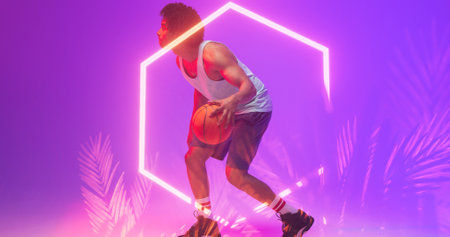 Biracial basketball player dribbling ball by illuminated hexagon and plants on violet background. Composite, playing, copy space, sport, competition, illustration, glowing, nature, shape and abstract.の写真素材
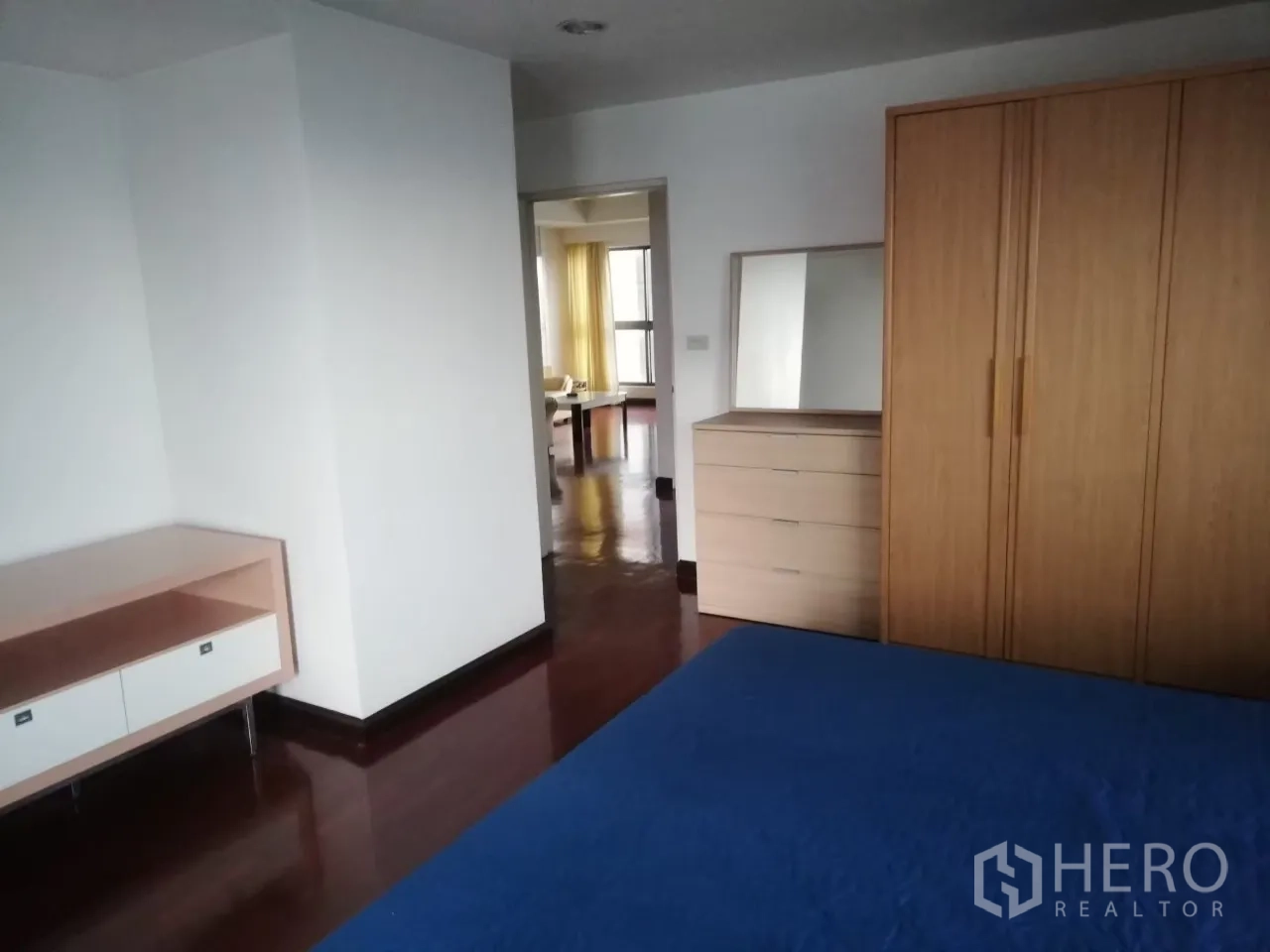 คอนโด ให้เช่าในPhaya Thai, Bangkok - ห้องนอนหลักพร้อมผ้าปูเตียงสีน้ำเงิน ตู้เสื้อไม้ และพื้นไม้ขัดมันวาวต่อเนื่องไปยังโซนรับแขก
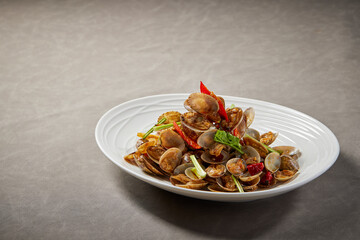 traditional chinese wok fried seafood fresh clam Lala with spicy chilli sauce in plate on grey stone table asian cafe hotel luxury halal food restaurant banquet menu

============

Problem. Ignore the images and quote every line of the listing exactly.

Solved exercise.
 Biracial basketball player dribbling ball by illuminated hexagon and plants on violet background. Composite, playing, copy space, sport, competition, illustration, glowing, nature, shape and abstract.の写真素材
 คอนโด ให้เช่าในPhaya Thai, Bangkok - ห้องนอนหลักพร้อมผ้าปูเตียงสีน้ำเงิน ตู้เสื้อไม้ และพื้นไม้ขัดมันวาวต่อเนื่องไปยังโซนรับแขก
 traditional chinese wok fried seafood fresh clam Lala with spicy chilli sauce in plate on grey stone table asian cafe hotel luxury halal food restaurant banquet menu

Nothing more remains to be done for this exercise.